A smart stock trader or investor has to learn to manage the risks before one could achieve the goals of profit. There are 2 main types of risks for stocks, unsystematic and systematic risk.
1) Unsystematic Risk (Level 1-2)
This risk is related to specific stock/business or an industry/sector. For example, there could be an unexpected business scandal or company having difficulty to pay debt, etc, resulting in major correction in share prices which may not be reversible. Sometimes the scale could be for a specific industry, eg. Unsystematic and oil and gas crisis which affects more stocks with similar type of industry.

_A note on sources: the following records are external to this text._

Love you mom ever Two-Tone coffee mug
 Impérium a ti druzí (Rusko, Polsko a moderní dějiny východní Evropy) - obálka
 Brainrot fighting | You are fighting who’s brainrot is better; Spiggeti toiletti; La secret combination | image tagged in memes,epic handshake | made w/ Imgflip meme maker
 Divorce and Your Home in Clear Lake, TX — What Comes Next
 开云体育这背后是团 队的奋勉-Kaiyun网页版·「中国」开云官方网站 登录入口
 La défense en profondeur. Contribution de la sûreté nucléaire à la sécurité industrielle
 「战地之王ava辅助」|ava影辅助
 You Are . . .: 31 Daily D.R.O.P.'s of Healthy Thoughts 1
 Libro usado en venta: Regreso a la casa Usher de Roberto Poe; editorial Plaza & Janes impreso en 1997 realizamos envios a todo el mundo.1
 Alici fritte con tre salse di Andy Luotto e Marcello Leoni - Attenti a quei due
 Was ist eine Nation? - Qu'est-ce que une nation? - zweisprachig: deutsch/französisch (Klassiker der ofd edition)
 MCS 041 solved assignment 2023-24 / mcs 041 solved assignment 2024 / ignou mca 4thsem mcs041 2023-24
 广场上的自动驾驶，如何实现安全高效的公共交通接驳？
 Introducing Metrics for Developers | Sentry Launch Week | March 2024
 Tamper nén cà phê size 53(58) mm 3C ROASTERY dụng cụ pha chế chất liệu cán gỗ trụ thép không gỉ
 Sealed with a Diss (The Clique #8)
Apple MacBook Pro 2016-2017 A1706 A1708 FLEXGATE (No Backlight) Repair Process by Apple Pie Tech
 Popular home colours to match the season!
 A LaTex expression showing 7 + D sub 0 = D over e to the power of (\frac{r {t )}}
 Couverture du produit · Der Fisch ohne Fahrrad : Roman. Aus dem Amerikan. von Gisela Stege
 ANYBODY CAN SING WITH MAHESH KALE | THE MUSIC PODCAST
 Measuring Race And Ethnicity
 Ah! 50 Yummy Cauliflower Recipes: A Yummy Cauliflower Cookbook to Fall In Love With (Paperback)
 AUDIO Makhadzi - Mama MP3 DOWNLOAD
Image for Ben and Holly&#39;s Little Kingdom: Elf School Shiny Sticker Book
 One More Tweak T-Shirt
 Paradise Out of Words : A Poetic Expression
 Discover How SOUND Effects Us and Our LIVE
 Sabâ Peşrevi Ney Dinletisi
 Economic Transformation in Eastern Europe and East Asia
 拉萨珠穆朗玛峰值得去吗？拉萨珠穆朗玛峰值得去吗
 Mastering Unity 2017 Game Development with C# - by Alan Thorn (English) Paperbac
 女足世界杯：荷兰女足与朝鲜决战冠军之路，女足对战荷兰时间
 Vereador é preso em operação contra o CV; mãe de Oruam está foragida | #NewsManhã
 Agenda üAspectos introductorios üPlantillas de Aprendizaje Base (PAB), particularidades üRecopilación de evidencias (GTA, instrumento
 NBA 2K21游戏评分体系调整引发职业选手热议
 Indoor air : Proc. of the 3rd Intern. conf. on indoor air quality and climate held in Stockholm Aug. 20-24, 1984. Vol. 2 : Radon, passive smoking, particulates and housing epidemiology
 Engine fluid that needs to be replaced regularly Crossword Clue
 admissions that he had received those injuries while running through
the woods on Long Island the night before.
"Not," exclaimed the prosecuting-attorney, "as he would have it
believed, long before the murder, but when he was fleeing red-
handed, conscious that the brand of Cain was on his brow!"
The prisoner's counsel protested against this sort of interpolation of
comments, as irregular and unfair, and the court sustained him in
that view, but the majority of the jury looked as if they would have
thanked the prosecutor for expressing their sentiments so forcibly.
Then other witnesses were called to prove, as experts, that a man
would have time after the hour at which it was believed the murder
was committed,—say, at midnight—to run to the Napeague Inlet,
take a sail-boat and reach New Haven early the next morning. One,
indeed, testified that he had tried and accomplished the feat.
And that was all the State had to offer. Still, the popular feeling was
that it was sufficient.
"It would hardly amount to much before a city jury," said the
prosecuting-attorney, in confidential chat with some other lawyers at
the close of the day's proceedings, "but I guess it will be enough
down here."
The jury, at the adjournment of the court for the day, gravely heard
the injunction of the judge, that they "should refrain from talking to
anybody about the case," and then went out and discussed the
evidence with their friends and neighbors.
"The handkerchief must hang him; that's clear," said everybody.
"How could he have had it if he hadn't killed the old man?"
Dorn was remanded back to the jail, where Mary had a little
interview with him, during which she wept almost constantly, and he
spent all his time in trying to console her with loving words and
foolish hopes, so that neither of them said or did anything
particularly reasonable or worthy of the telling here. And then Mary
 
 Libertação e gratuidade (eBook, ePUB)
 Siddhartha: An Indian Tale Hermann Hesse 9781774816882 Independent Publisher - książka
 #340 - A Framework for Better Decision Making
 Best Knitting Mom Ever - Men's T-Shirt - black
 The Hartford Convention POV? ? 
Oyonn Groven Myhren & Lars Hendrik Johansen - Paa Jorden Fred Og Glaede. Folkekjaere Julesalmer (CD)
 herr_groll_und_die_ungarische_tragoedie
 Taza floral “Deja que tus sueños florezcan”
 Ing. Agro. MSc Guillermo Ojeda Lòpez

In general, diversification of investment portfolio with 10-20 stocks over 3 or more sectors / countries, could help to reduce the unsystematic risk significantly as each stock only contribute to 5-10% of portfolio. As a retail investor, due to lack of time for close monitoring, a portfolio of 10 stocks with strong fundamental in business will be sufficient.
2) Systematic Risk (Level 3-4)
This risk applies to entire stock market, affecting most of the countries, sectors and businesses globally. For example, global financial crisis (subprime crisis in year 2008, dotcom bubble in year 2000, etc) or regional financial crisis (Euro Debt Crisis over the past decade, Asian Financial Crisis in 1997).
In general, diversification could not help to minimize systematic risk since most of the stocks would be affected for this large scale of stock market risk at country or global level.
Instead, a smart investor could apply market optimism strategy to minimize systematic risk through capital allocation in different asset classes. When global stock market is at high optimism (over 75%), one could reduce the risk in stock market through progressive profit taking, converting the stocks into cash as short to medium term opportunity fund. When there is any regional or global financial crisis, the unsystematic risk would become opportunity to buy low.
An all rounded investor would combine these 2 key factors to improve the winning rate in stocks:
1) Formation of stock portfolio with 10 stocks with strong fundamental to reduce unsystematic risk
2) Follow optimism of global stock market to buy low sell high, going against the systematic risk.